In criminal justice push, Hillary Clinton calls for end to racial profiling

Hillary Clinton will push for a series of criminal justice reform plans Friday by calling for eliminating the sentencing disparity for crack and powder cocaine and ending racial profiling, according to Clinton aides.

Speaking at the Ministers Luncheon of the 16th Annual Creating Opportunity Conference and her first meeting with African Americans for Hillary at Clark Atlanta University, Clinton will lay out how her criminal justice reform agenda will focus on three areas: Policing, incarceration and reentry into society.

“Clinton will fight to ensure equal amounts of crack and powder cocaine carry equal sentences and apply this change retroactively,” a Clinton aide said ahead of Friday’s speeches.

In 2010, Congress passed The Fair Sentencing Act, which reduced the difference between offenses for crack and powder cocaine from 100:1 to 18:1. Clinton will argue, as many others have, that “crack and powder cocaine are two forms of the same drug and continuing to treat them differently disproportionately hurts black Americans,” the aide said ahead of the speech.

Clinton, in an effort to reduce the federal prison population, will call for reducing the disparity between mandatory sentences of crack and powder cocaine to 1-to-1.

The 2016 candidate will also call for ending racial profiling, pledging to back legislation to ban racial profiling by federal, state, and local law enforcement officials, “by prohibiting them from relying on a person’s race when conducting routine or spontaneous investigatory activities.”

Clinton will argue that racial profiling is “generally ineffective” as a policing tool and “demeans large segments of our communities and subjects them to unwarranted scrutiny.”

Since kicking off her campaign earlier this year, Clinton has pitched different aspects of criminal justice reform. Her first speech as a candidate was on addressing police brutality with body cameras and in July, Clinton told a largely black audience in South Carolina that it is time for the United States to confront “systemic racism.”

“What is so really troubling is that if you compare statistics between white men and African American men, if they are stopped, if they are arrested, if they are charged, if they are convicted, if they are sentenced, there are clear undeniable racial disparities,” Clinton said in July. “I think we have to admit this. We shouldn’t try to gloss it over or it would go away.”

Clinton will also take her criminal justice plan to South Carolina on Friday night when she speak the Charleston NAACP Freedom Fund Banquet. On Saturday, the Democratic front-runner will speak at a Grassroots Organizing Meeting with Charleston Mayor Joe Riley.

In the presidential nominating process, South Carolina is the first test of African American organizing prowess. Nearly 30% of the state is black, compared to 3% of Iowa and just over 1% of New Hampshire.

In 2008, 56% of eligible African American voters turned out to vote in the Democratic primary. The 2016 Clinton campaign’s goal: Grow that number.
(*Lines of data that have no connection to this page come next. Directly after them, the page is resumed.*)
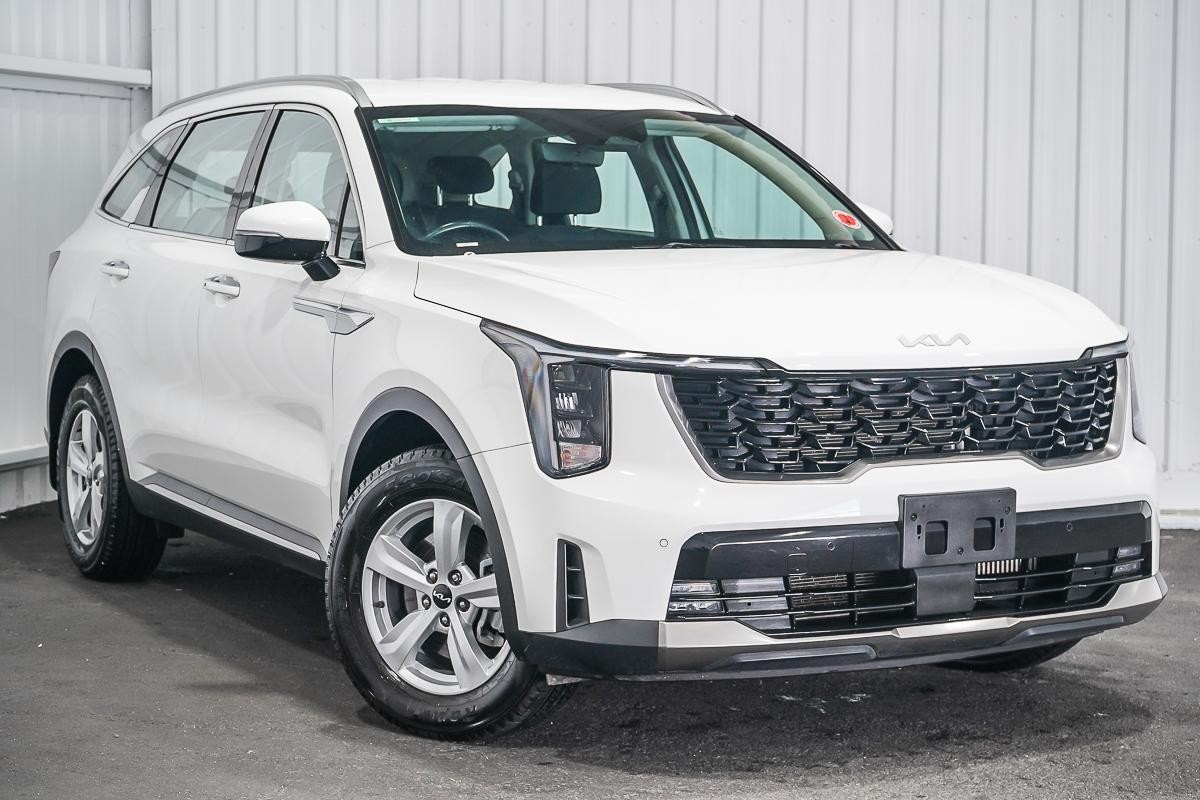 Kia Sorento image 1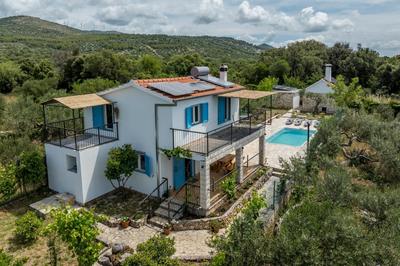 House Forest Green - secluded with swimming pool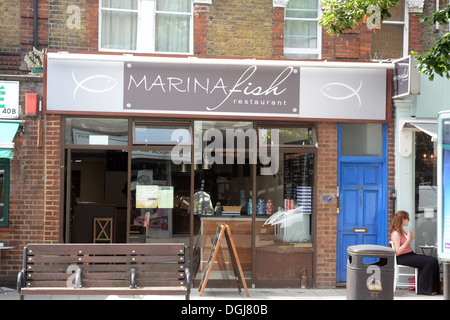 Marina-Fisch-Restaurant am Garratt Lane in wohlhabenden und gentrifizierten Earlsfield Süd-West London sw18 Stockfoto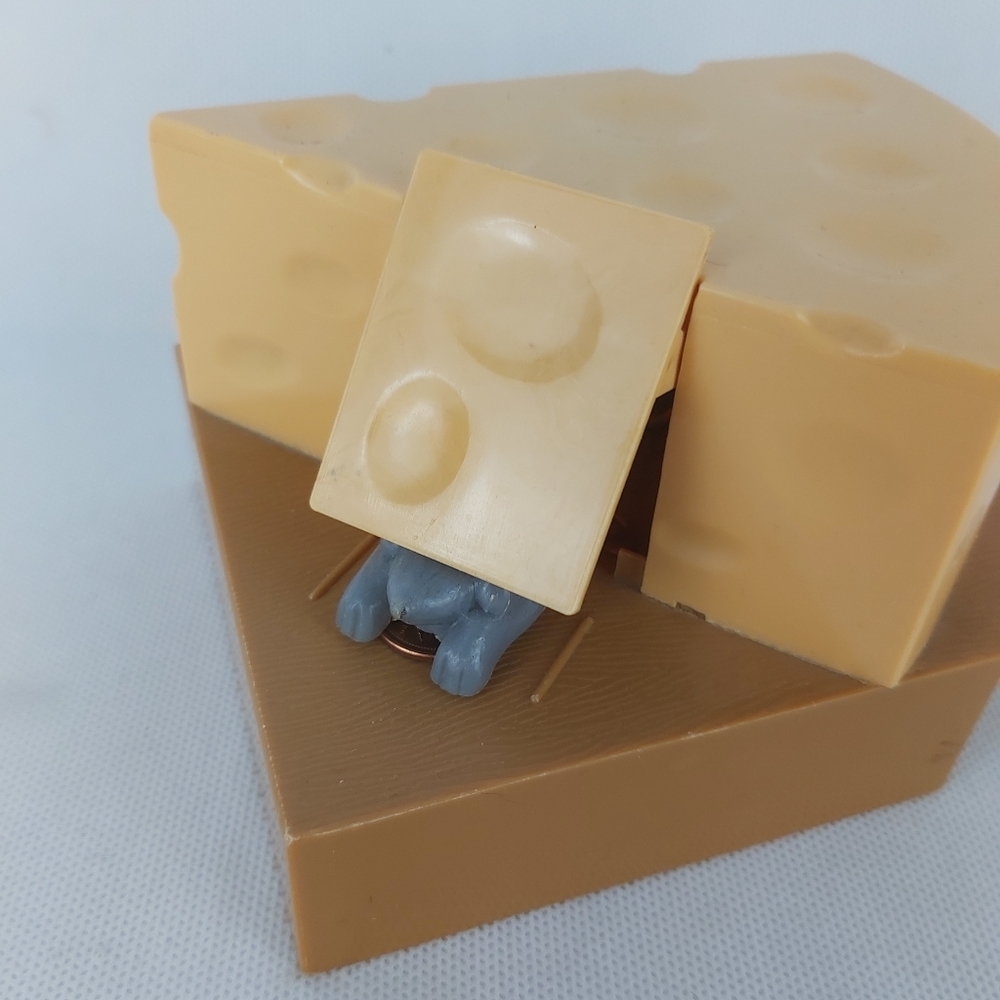 𝅺Vintage mecanical crank piggy bank mouse in a cheese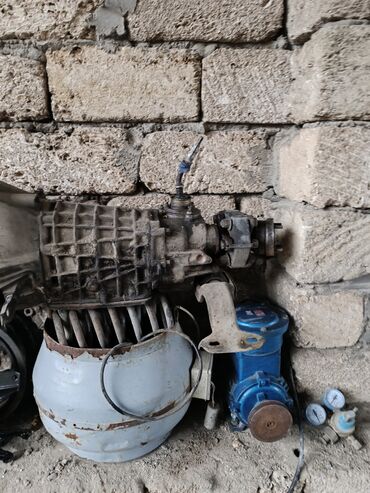 Digər avtomobil ehtiyat hissələri: Məhsul: Avtomobil ehtiyat hissələri toplusu Təsvir: - Qapı komplekti — 5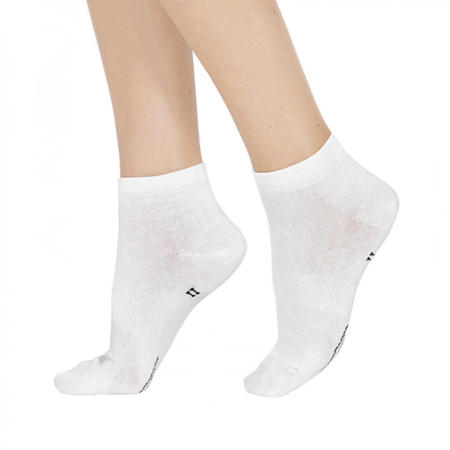 calza-sportiva-corta-donna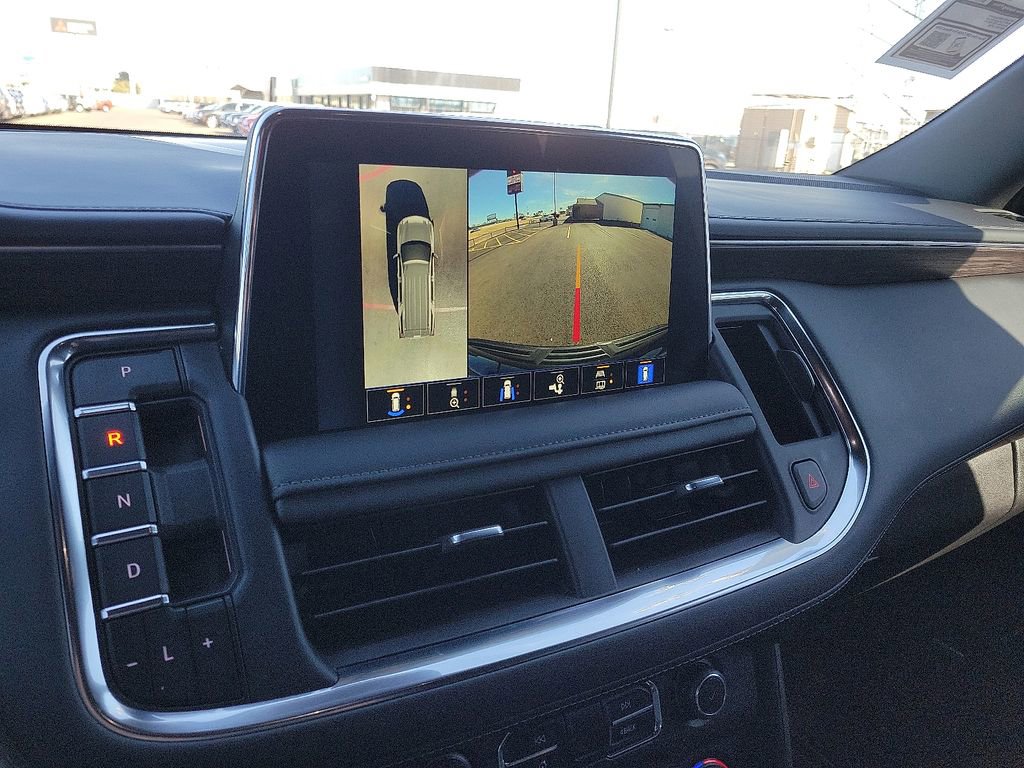 Used 2024 Chevrolet Tahoe Z71 w/ Luxury Package image 12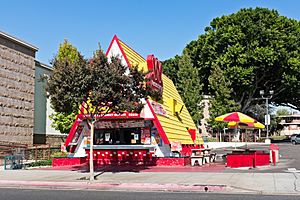 Wienerschnitzel Hot Dogs in Whittier, California.jpg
“The base voters in our state in the Democratic Presidential primary are African Americans,” Clay Middleton, Clinton’s South Carolina state director, said in an interview with CNN. “In order to win the nomination, we need to make sure that all African Americans come out and vote.”

So to do that the state operation has, in their words, made sure that every event they do has African American outreach naturally integrated into it. To date, that campaign has done 1,100 community events, phone banks, canvasses., including phone banks at the states historically black colleges.

“Our goal is to organize in all 46 counties and be very strategic in who we target,” Middleton said.

‘Ban the Box’

While in Atlanta, Clinton will also back a plan to “ban the box,” a push that would “prevent the federal government as well as contractors from asking about criminal history at the initial application stage,” an aide said Friday.

Clinton has been asked about the issue previously, most notably at events focused on drug abuse, where former users have asked about how they can get a job with their long record of drug charges.

She will argue that barring federal employers and contractors to from asking about criminal backgrounds will allow formerly incarcerated individuals to “have a chance to compete for jobs on a fair basis.”

Clinton’s plan will have some exceptions, her aide said, but it would require federal employers and contractors who do need to do background checks to do so later in the process, “once individuals have had an opportunity to demonstrate their qualifications.”